On this dam question, there is no international spirit of cooperation. There is no consensus that any more dams should be built. On the contrary, the majority of the MRC are against this dam going ahead, certainly at this stage. One of the Vietnamese delegates actually said there should be five to 10 years to properly study and monitor the process of fish migration, the different fish species, fish behavior and whether it is possible for any kind of fish-pass technology to mitigate the impact of building the dam. But the evidence at the moment definitely suggests very strongly that it is unsustainable and impossible to mitigate. That’s why NGOs are calling for the project to be scrapped, to be cancelled.

Among the four Mekong River Commission member states, which one do you think is the most influential in calling a halt to the dam project? Why?

Vietnam. Because, first of all, the stake is enormous for Vietnam. If Vietnam cannot stop this dam, their delta will be destroyed. The combination of climate change, salinization with the sea coming up more and more and the building of the dam, all the Vietnamese experts are saying that Vietnam in the next 20 to 30 years will cease to be the second largest exporter of rice in the world. That would not only be a devastating blow to the Vietnamese economy, it will be an enormous setback globally because it means the world rice prices will shoot up in the market. So every time in 20 to 30 years, when United Nations agencies are trying to buy rice on the world market to feed a particular population of a particular country that’s starving, it means the absence of Vietnam to be able to contribute rice on the world market will have a serious global knock-on effect, which would be so negative. So there can be another way to stop the dam, for the UN agencies to understand the implications for their own work of 11 dams being built along the Mekong. The destruction of the Mekong delta will have a global impact. At the moment, we’re not hearing enough voices of concern from major international agencies. So within the region Vietnam has got the strongest clout within the Mekong River Commission of the four member states to oppose to dams, but they need a great deal more international backing to be successful in persuading Laos to think again about a wider international interest.

Finally, how do you expect your film to help change the situation of the Don Sahong dam project?

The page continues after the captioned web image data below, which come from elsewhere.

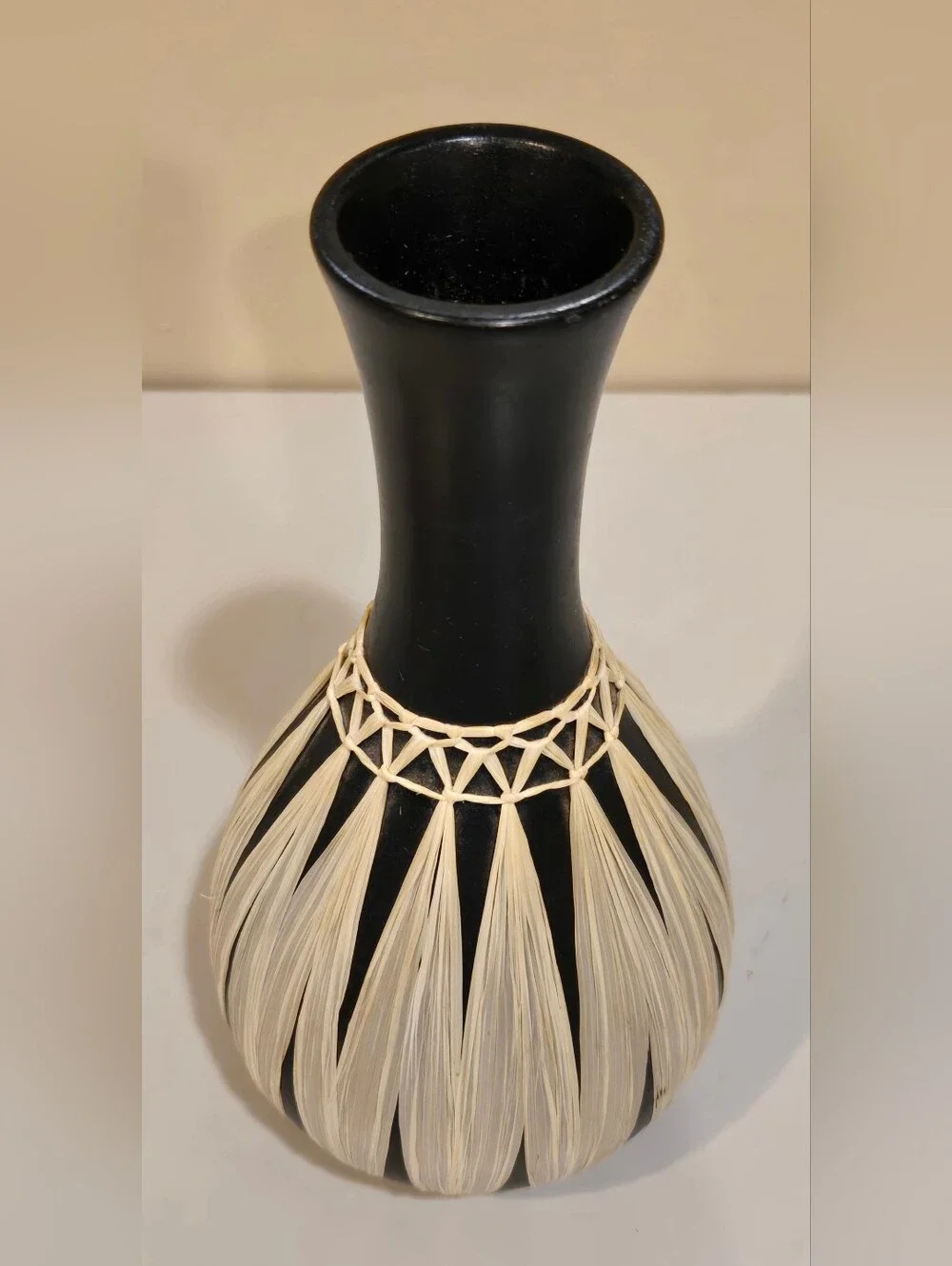 Vintage Gmunder Keramik Vase with Natural Raffia Detailing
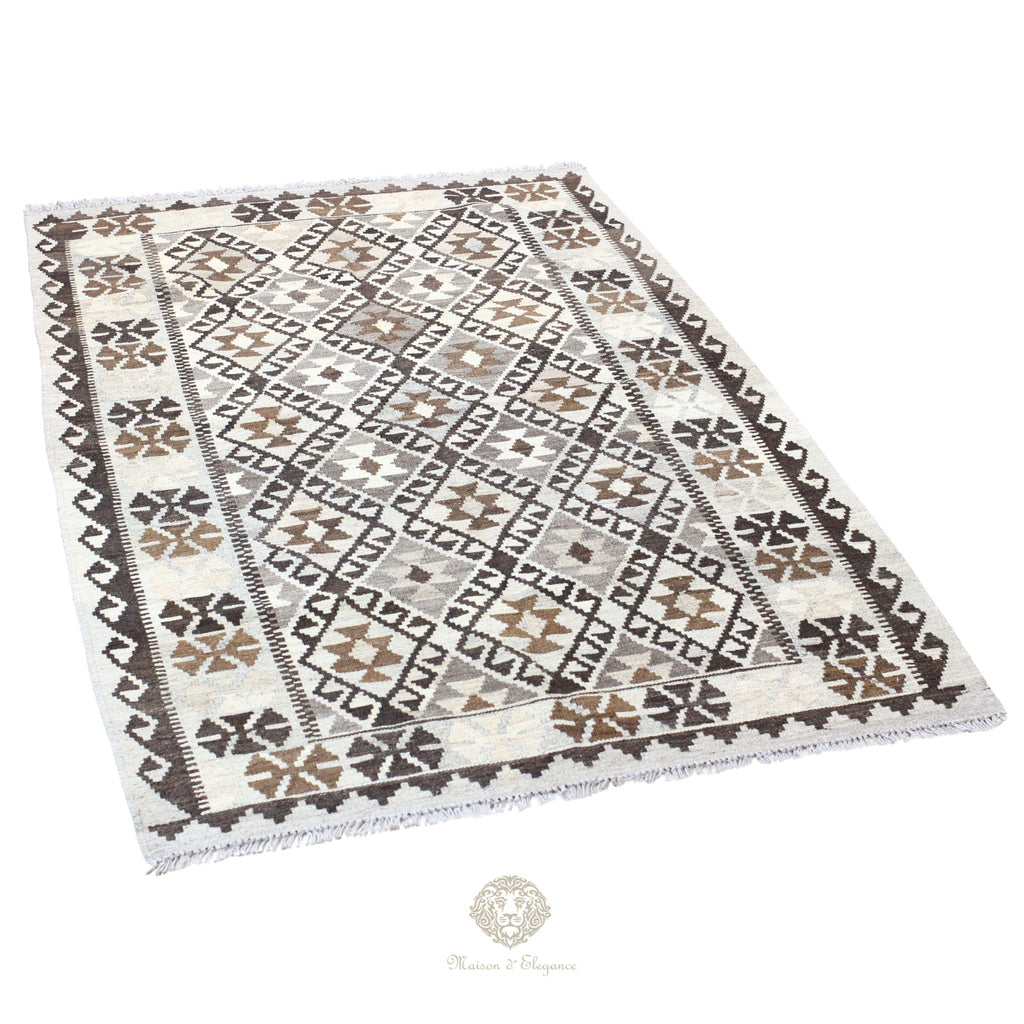 Alfombra Kilim Transicional Lana Geométrica 206 x 131 cm | Tintes Naturales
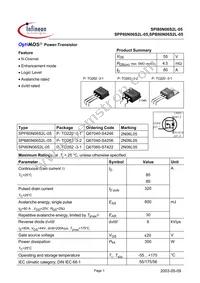 SPP80N06S2L-05 Datasheet Cover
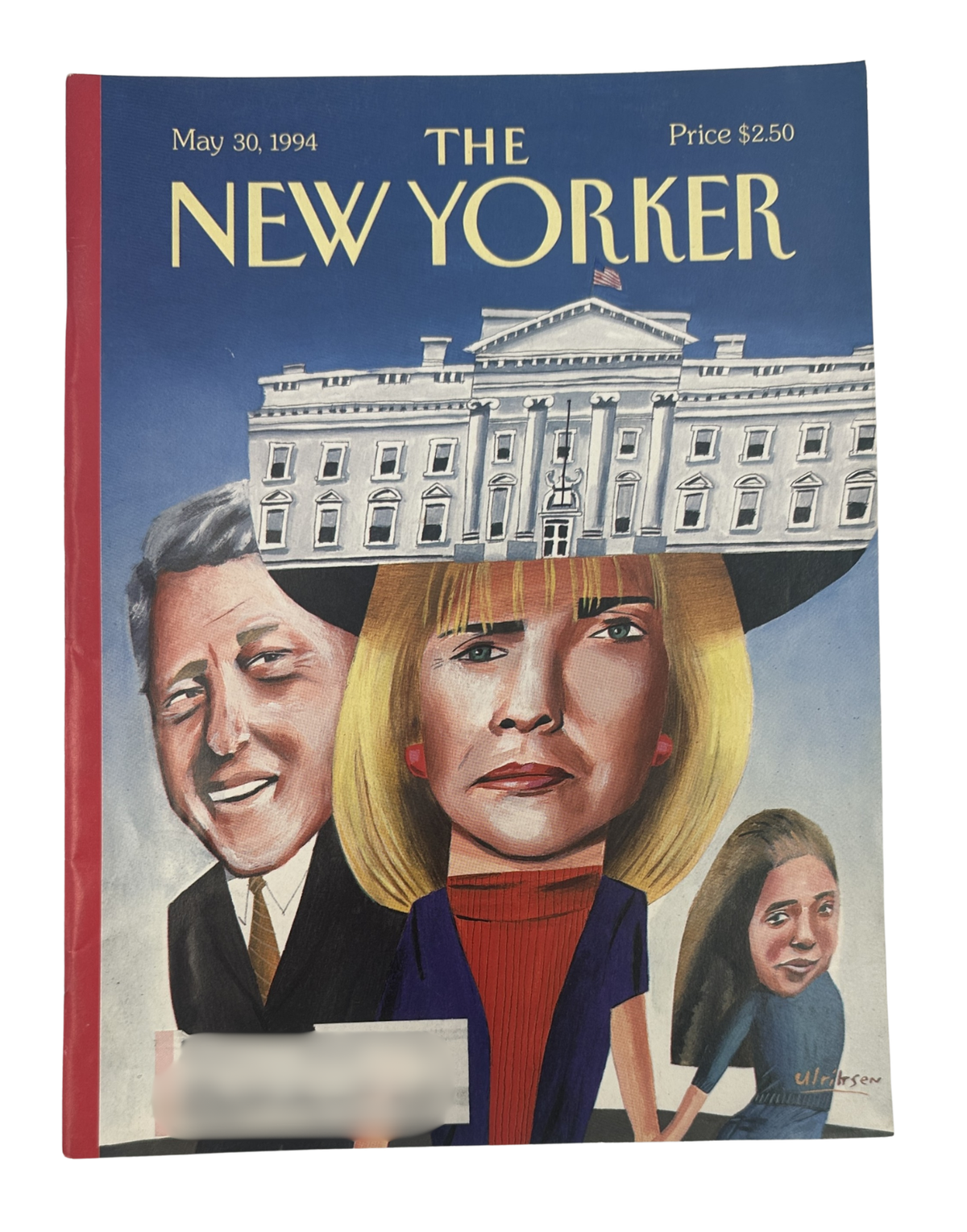 The New Yorker Magazine May 30, 1994 White House Hillary Clinton Mark Ulriksen Cover VG, featuring a Mark Ulriksen illustrated cover of Bill and Hillary Clinton with the White House.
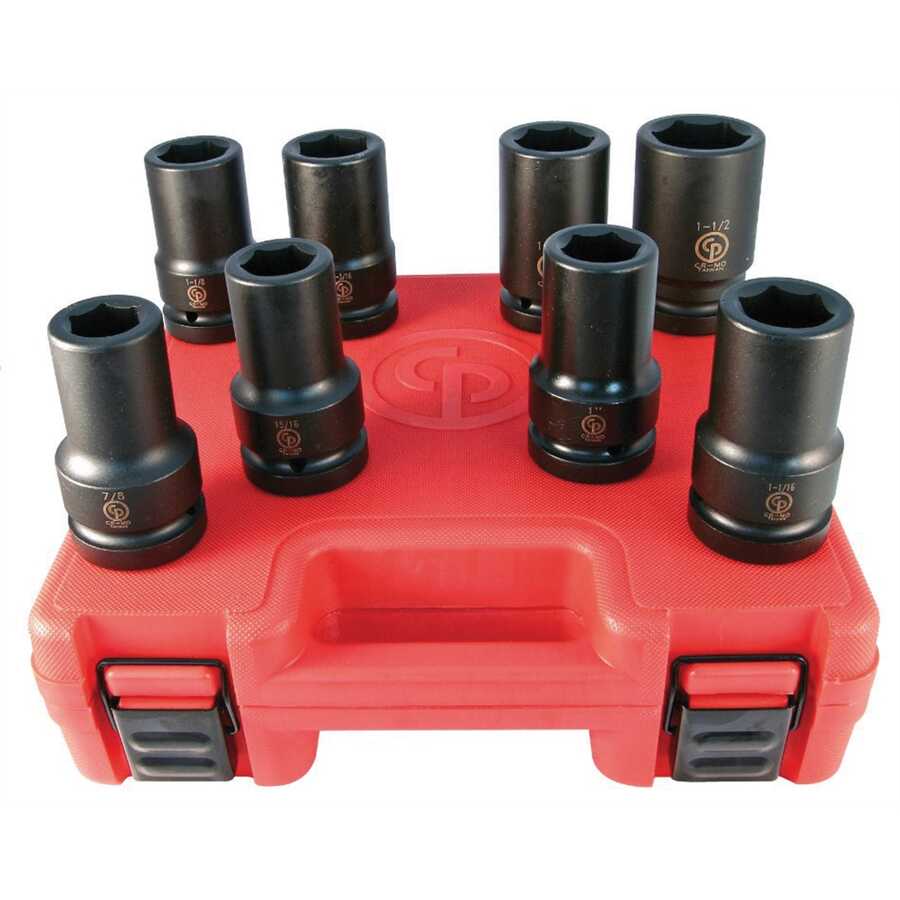 1"DR 8PC SAE DEEP IMPACT SOCKET SET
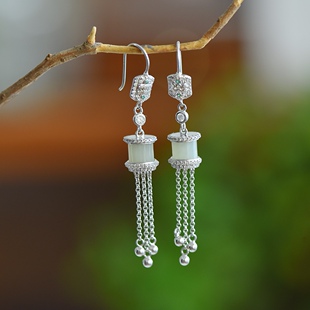 慕溪源和田玉古风路通流苏耳环2024新款爆款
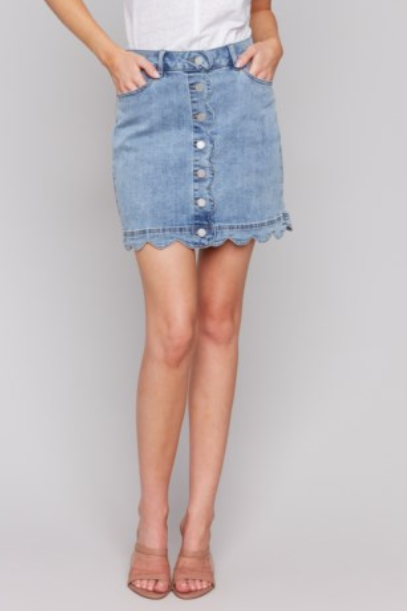 CUTE SCALLOP BOTTOM SHORTS LINED DENIM MINI SKIRT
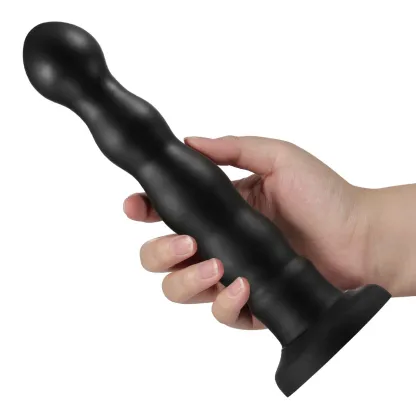 Black Funny Trillende Zuignap Dildo Met Houder 24.3cm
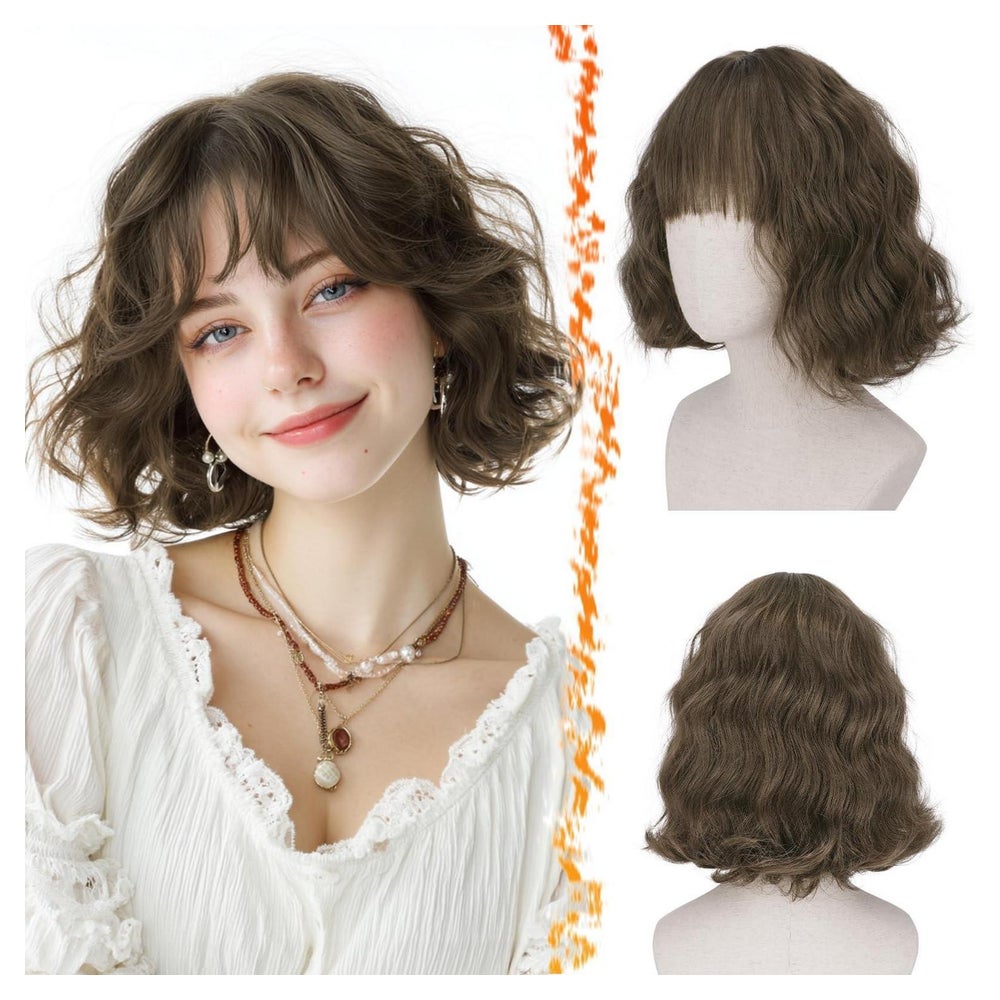 Perücke Kurz Bob Pony Lockig Synthetisch Mix Licht Braun 30c 1 St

Well, one film is not going to change the situation, but I hope my documentary will contribute to an educational campaign, a consciousness-raising within the region, and maybe something people have not previously digested about the injustice of the way these dams are being imposed on the people of the region and the suffering and damage that they are going to cause to their lives. Through an awareness of this, there will be more pressure on governments in the region and more pressure on the United Nations and other international agencies outside the region. So hopefully my film will make a little contribution to building up that international organization which is needed and that international protest that is needed to have some sanity to take over in deciding whether the dam should be built or not and international consensus. No dam should be built unless it’s based on sound scientific evidence that it can be done in a way which does not destroy the fisheries. But, without the science, without the rationality, these dams must not be built.